Go through the records below from the first line and print each one exactly, stopping after the line that contains "Jolie fille déterminée en veste en jean". Do not print pictures or anything past that line.

Top of INPUT DATA

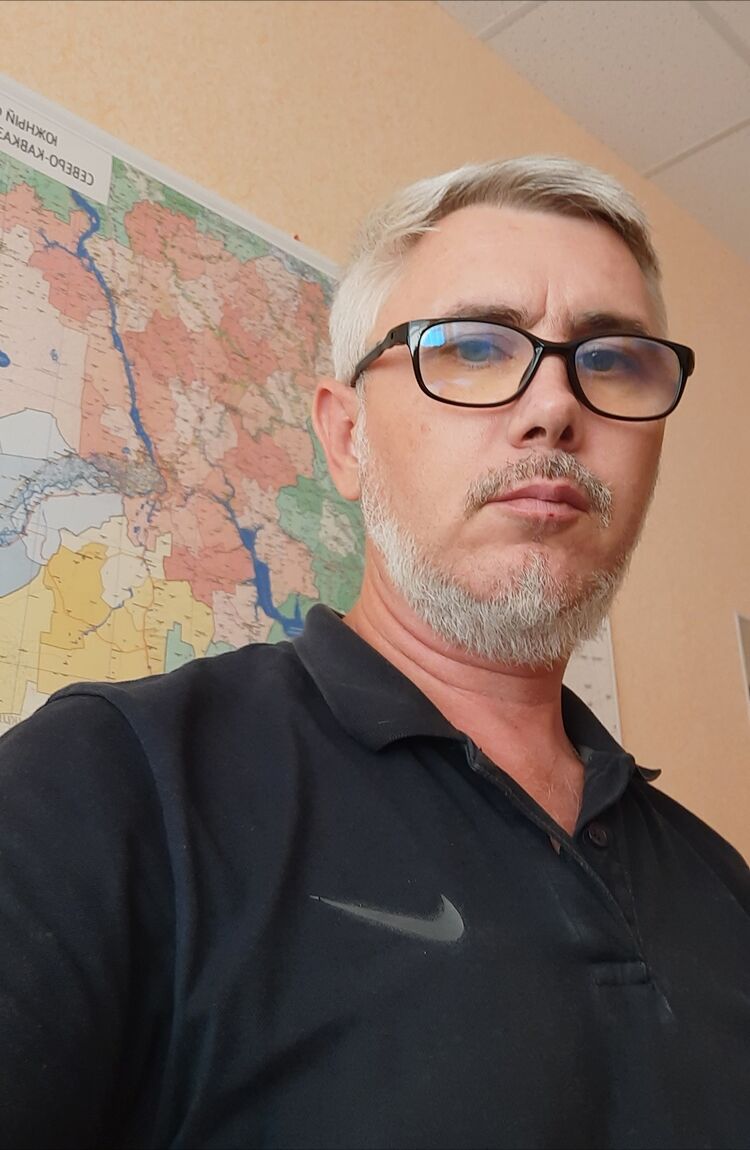  37169299  , 45 ,    
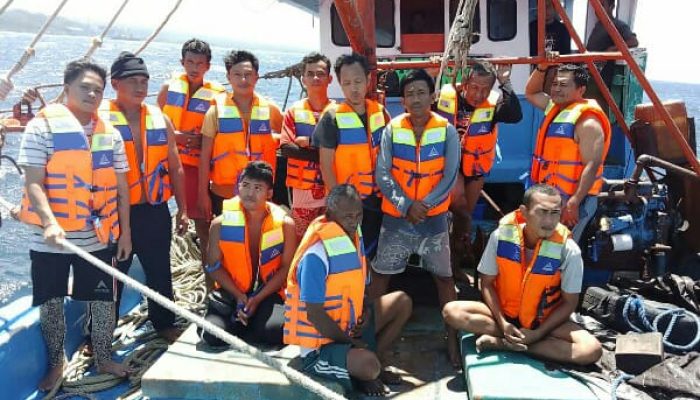 Cuaca Ekstrem di Perairan Kema Tenggelamkan KM Koxinga, 12 ABK Selamat dari Maut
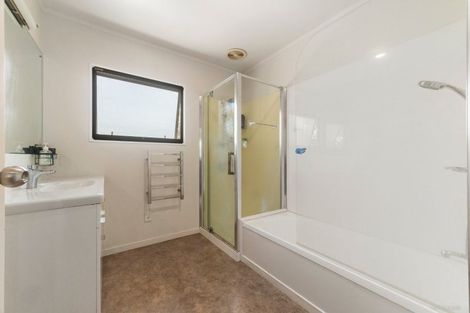 Photo of property in 2/39 Browns Bay Road, Browns Bay, Auckland, 0630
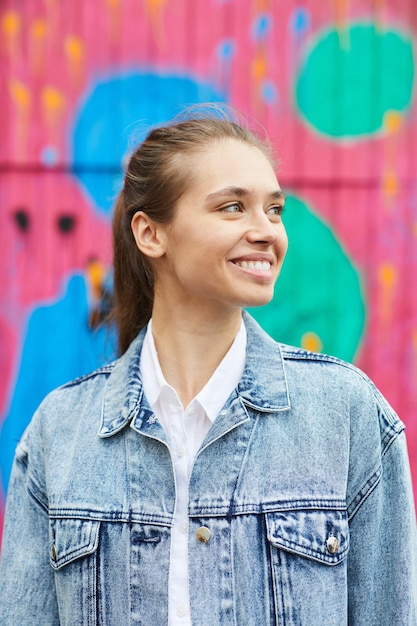 Jolie fille déterminée en veste en jean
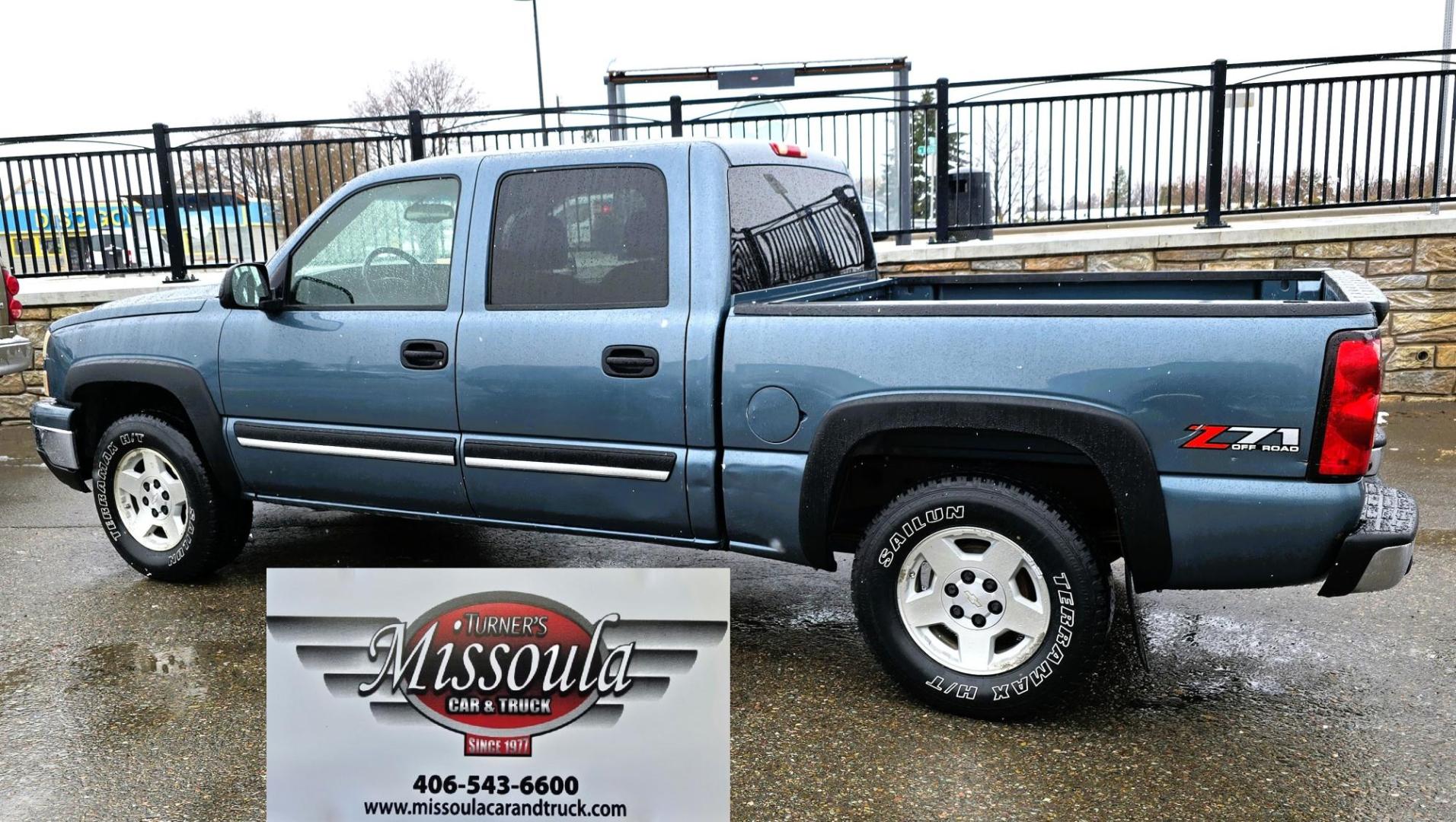 2006 Blue /Gray Chevrolet Silverado 1500 LS2 Crew Cab 4WD (2GCEK13T961) with an 5.3L V8 OHV 16V engine, 4-Speed Automatic Overdrive transmission, located at 450 N Russell, Missoula, MT, 59801, (406) 543-6600, 46.874496, -114.017433 - Very Nice 4WD Chevy with the Z71 Off-Road Package. 5.3L V8 Engine that has a 120K miles on it. Automatic Transmission. Power drivers Seat. Can Switch between 2WD, Auto 4WD and 4WD with a push of the button. Air Conditioning. Cruise Control. Power Windows and Locks. AM FM CD Player. Interior is very - Photo#6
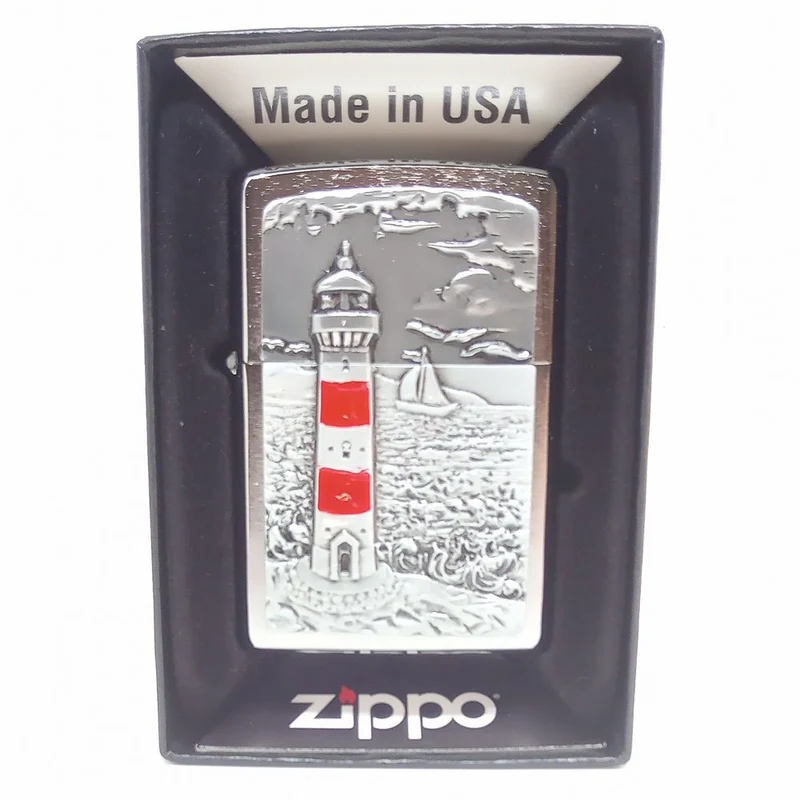 Lighthouse Emblem Zippo Lighter - Rødstribet Fyr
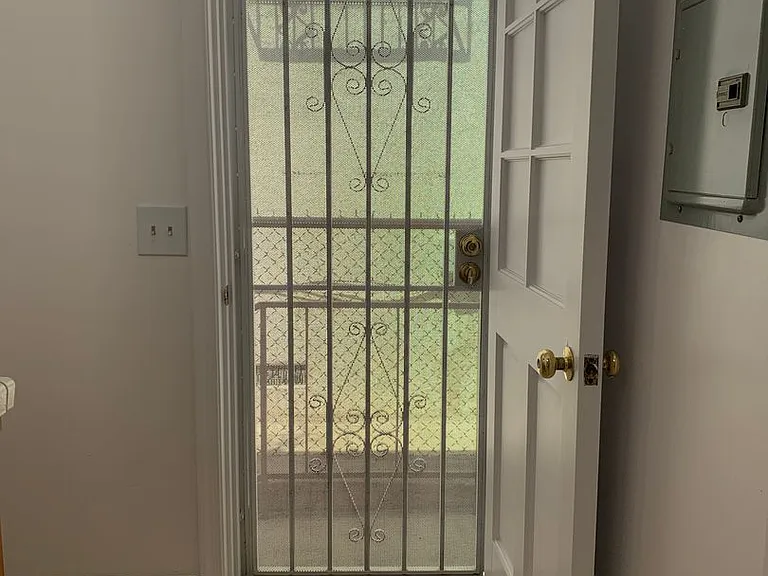 627 N Hill Pl — Photo 23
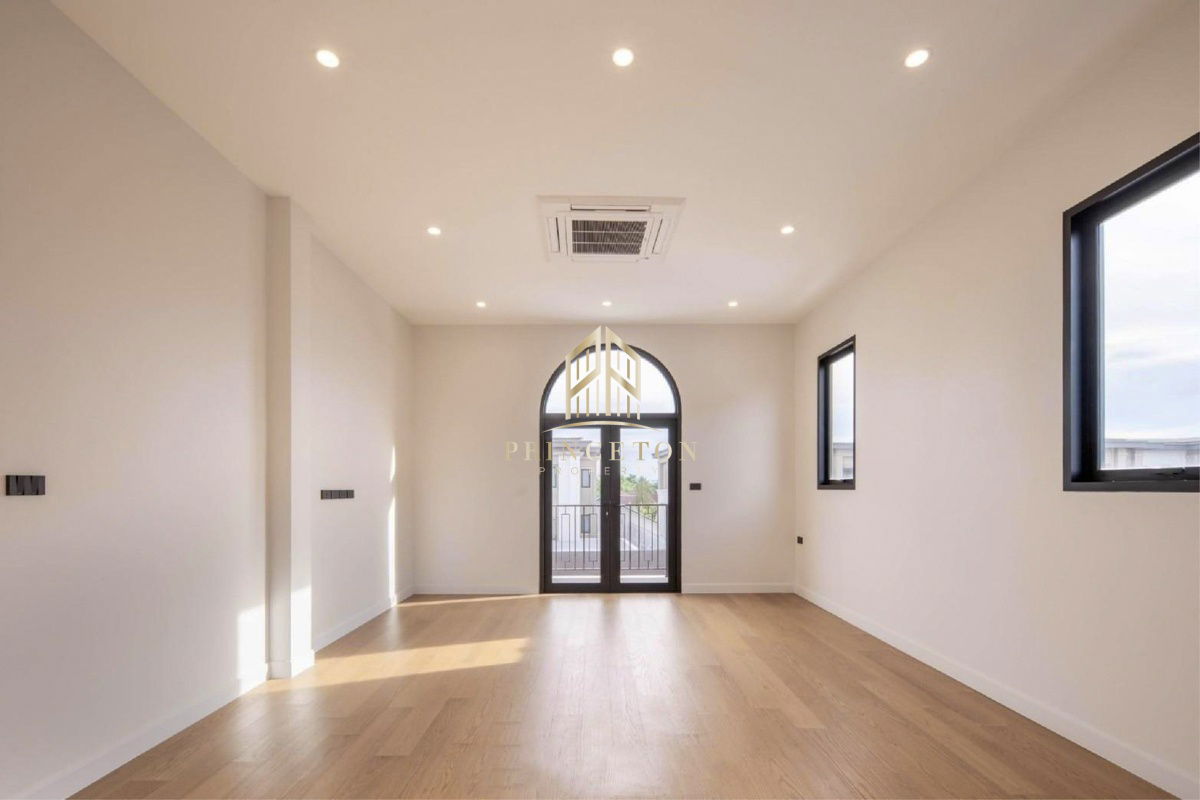 picture Luxury House For Sale Cinq Royal Krungthep Kreetha - 35/41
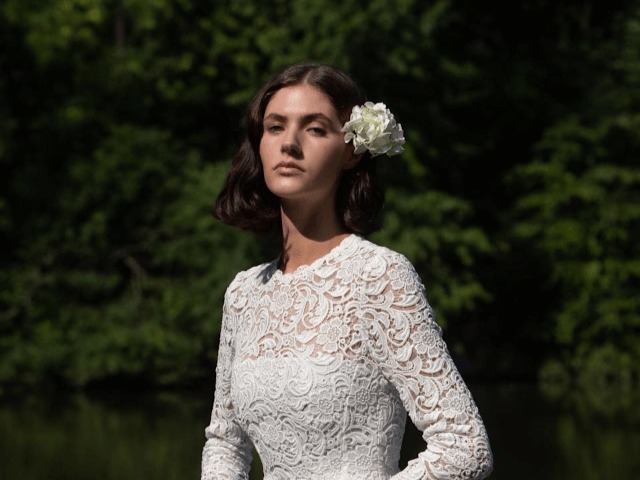Джамбаттиста Валли выпустил 16 свадебных платьев. Их хочется примерить, не дожидаясь предложения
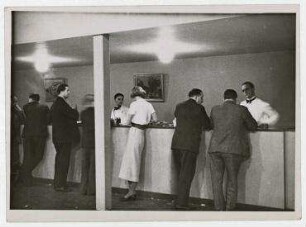Journalisten an der Bar im Sekretariatsgebäude des Völkerbundpalastes in Genf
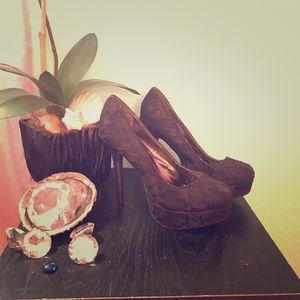 All lace black heels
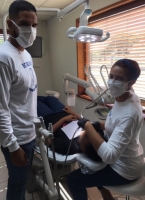 Kiwanis Club of Aruba su proyecto ‘smile makers’ a cuida sonrisa di varios mucha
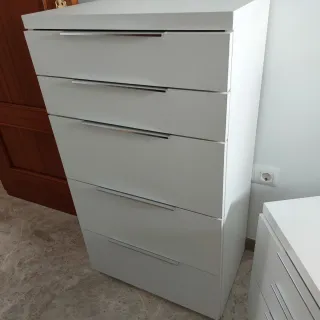 Sinfonier y 2 mesitas de noche blancas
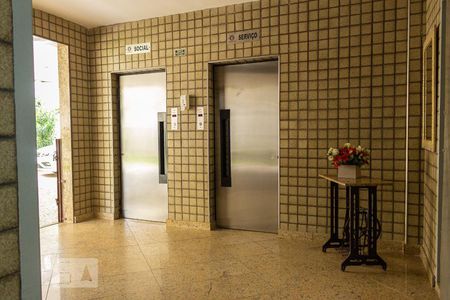 Apartamento para alugar com 70m², 2 quartos e 2 vagas Apartamento para alugar com 70m², 2 quartos e 2 vagasHall de entrada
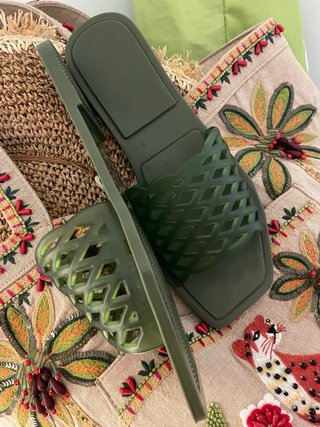 Chanclas verde oliva con diseño de rejilla
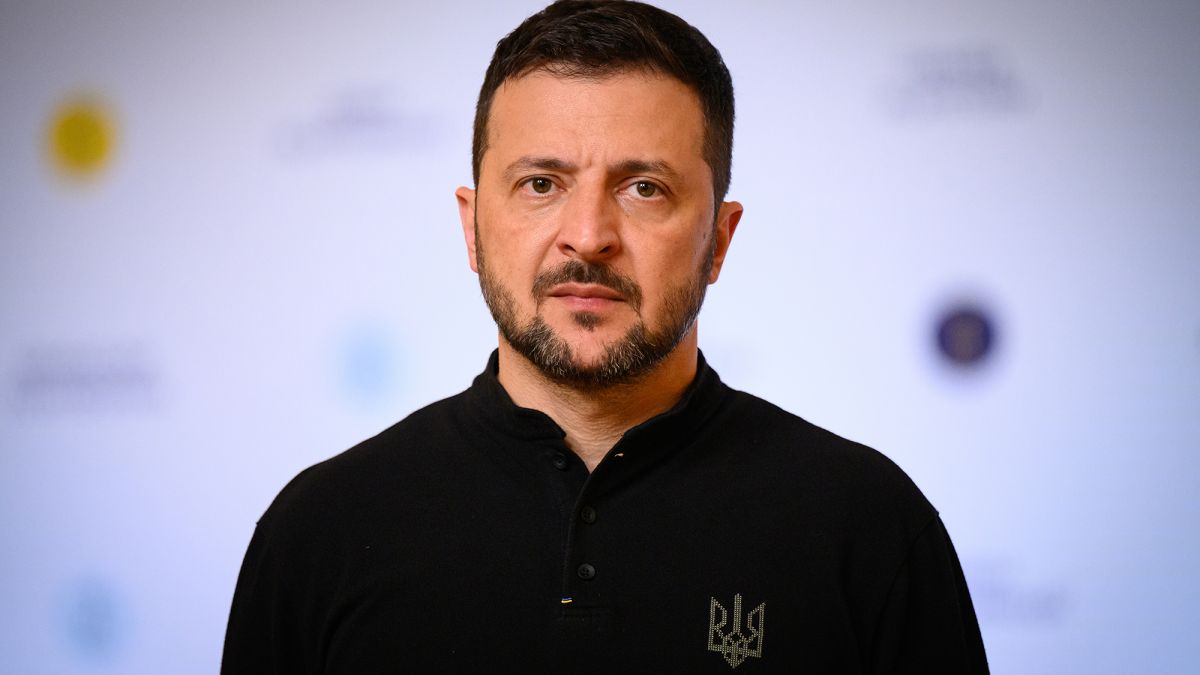 Зеленський вперше відреагував на скандал в АОЗ: Умєров має право ухвалювати рішення для безперебійного постачання зброї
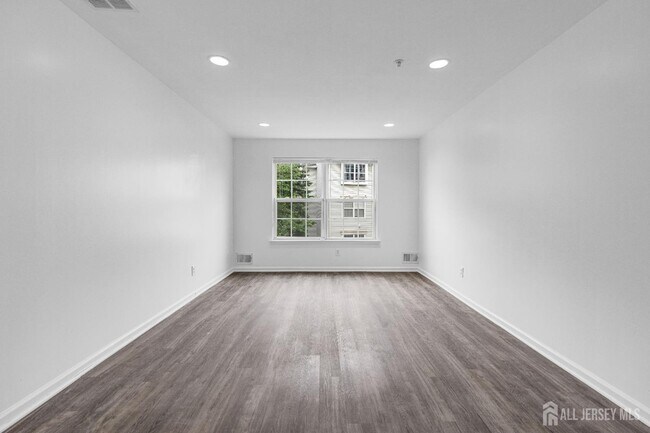 Building Photo - 21 Inverness Dr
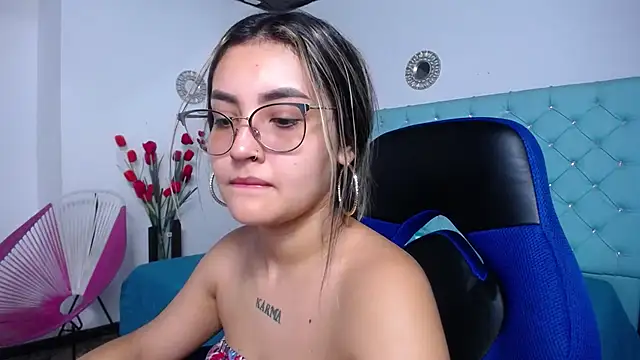 Snapshot of antonella_sweetlittle chatting on March 28, 2026, 1:01 pm antonella sweetlittle online show from March 28, 2026, 1:01 pm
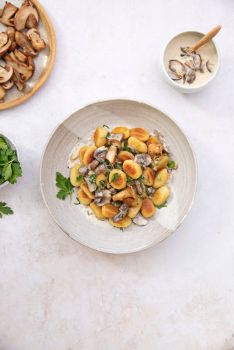 Poêlée-de-gnocchi-et-champignons-à-la-crème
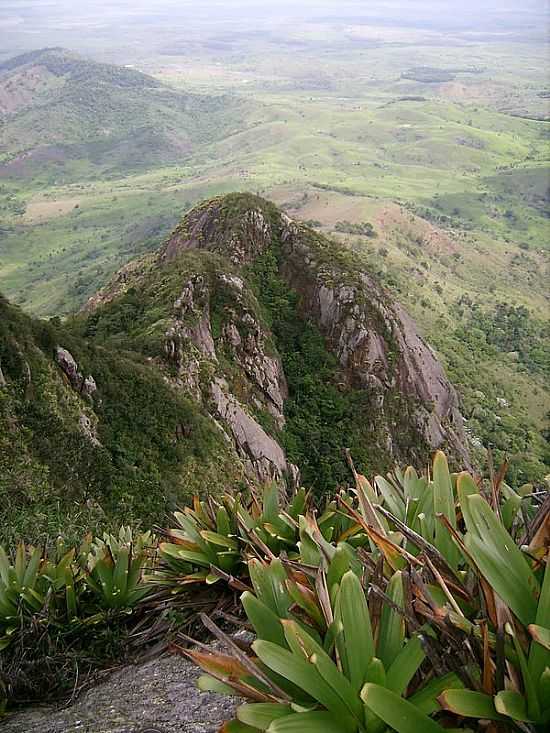 ITARANTIM-BA-SERRA DAS TRS PONTAS-FOTO:XAVERLOO  - ITARANTIM - BA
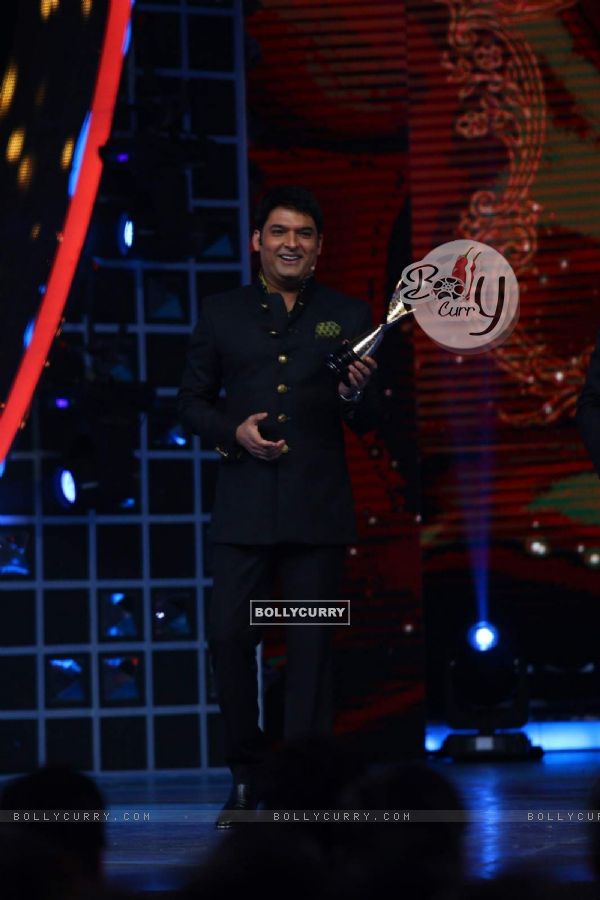 Kapil Sharma at Guild Awards 2015 - Performances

Bottom of INPUT DATA

*TASK RESPONSE*
  37169299  , 45 ,    
 Cuaca Ekstrem di Perairan Kema Tenggelamkan KM Koxinga, 12 ABK Selamat dari Maut
 Photo of property in 2/39 Browns Bay Road, Browns Bay, Auckland, 0630
 Jolie fille déterminée en veste en jean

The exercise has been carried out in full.